One tribute that seemed more significant than most as the baton passed last week and the retiring CEO of the Guardian Media Group, owner of The Observer and much else, hailed his newly designated successor. 'This is a first class appointment,' said Sir Robert Phillis. 'Carolyn McCall's drive, energy and understanding will ensure continuing success for GMG in the digital age.' It's that big 'D' word again: for direction, development, decision-making and, inevitably, digital.
Ahhh the "D" word
Which way to digital salvation?
Yet pause for a moment and ask where else in Fleet Street the D word would figure when chairs change at the top.Did the Barclays talk about digital futures when they hired Murdoch MacLennan from the Mail? Did the Mail, for that matter, mention such matters when it brought in Kevin Beatty from Northcliffe to replace him? The Ds that excite Richard Desmond are mostly divorce, dalliance and décolletage. Les Hinton at News International still comes home, metaphorically at least, with printers' ink on his hands - and, as Jeremy Warner, business editor of the Independent, frankly confessed the other day, Sir Tony O'Reilly's 'response to the internet has not, in truth, been a very ambitious one'
Its funny because some people/ CEO's of newspapers still think that customers will continue to read printed paper classifieds. No, they won't they will want their information as a rich experience with links, that are navigational, life enabling and life simplifying. There is so much more that can and eventually shall be done.
But lets get back to the Observer article, and of course how do you charge and make money? Well, the mobile internet is right round the corner, and it breathes life into, a very different business model, where advertising is content and content is advertising. BUT NOT SPAM. Kids don't read print as we experienced, but they are still interested in information. And want it fast/compacted hence the rise of compacted information flows like text messaging. They want experience
Take that Independent verdict on Sir Tony's lack of ambition. Warner, speaking at a Dow Jones business editors' conference, has his doubts. 'There's a very big and growing demand for professional products (on the web), content you can trust, which you know has been edited and obeys certain disciplines. The difficulty is how on earth you charge for it. People will not pay for it any more and it's a big, big problem.
And then
What comes first: the news on paper, or the news on the net? Where is the main cutting edge of creativity and concern? How do you best manage or edit something in such profound, unpredictable transition? Are any of Fleet Street's finest true multi-media companies yet - or strings of newspapers with strong digital appendages?
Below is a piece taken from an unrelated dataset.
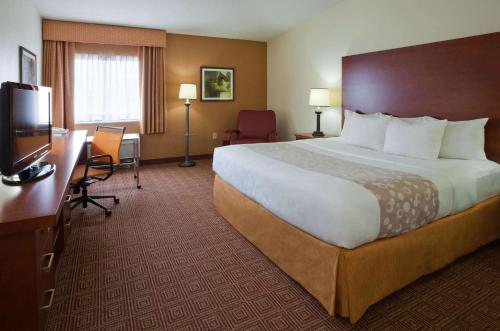 La Quinta Inn by Wyndham Minneapolis Airport Bloomington - image 5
Indeed a pressing question and serious issue. And it all comes back to value. What is value, when defined as a good experience for Digital Natives? How do you monetise that? How do you transfer attention into dollars? Because we all have to pay the bills - right? It is all about understanding information flows and how people now pull on information. Immediacy and passion based values now count for a great deal. I have come to realise over my long journey that, this is a paradigm shift which is not about tweaking our thinking. It requires a new framework to enable us look at and understand the world.
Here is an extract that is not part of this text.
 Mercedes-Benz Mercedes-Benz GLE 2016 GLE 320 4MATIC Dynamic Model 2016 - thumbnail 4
Murdoch divided the world between Digital Natives and Digital Immigrants. Different rules apply. I was told that I was the last of the generation that had caught the last train/ helicopter out of the old world and into the new.
And so
Questions like these matter. For the moment, though, we're only at the beginning, surveying the April ABC sales results as they bring more bad news for the red-tops, more hilarity as another helping of bulks keeps the Daily Telegraph over 900,000, more cheer as Berliner and tabloid change keep the Independent on Sunday and Observer flying high. For the moment, old Fleet Street rules, still ploughing billions into new presses and lorries pounding along motorways in the night. For the moment, some papers are far down the future track and others have barely begun to look for a signpost. Fasten your safety belts.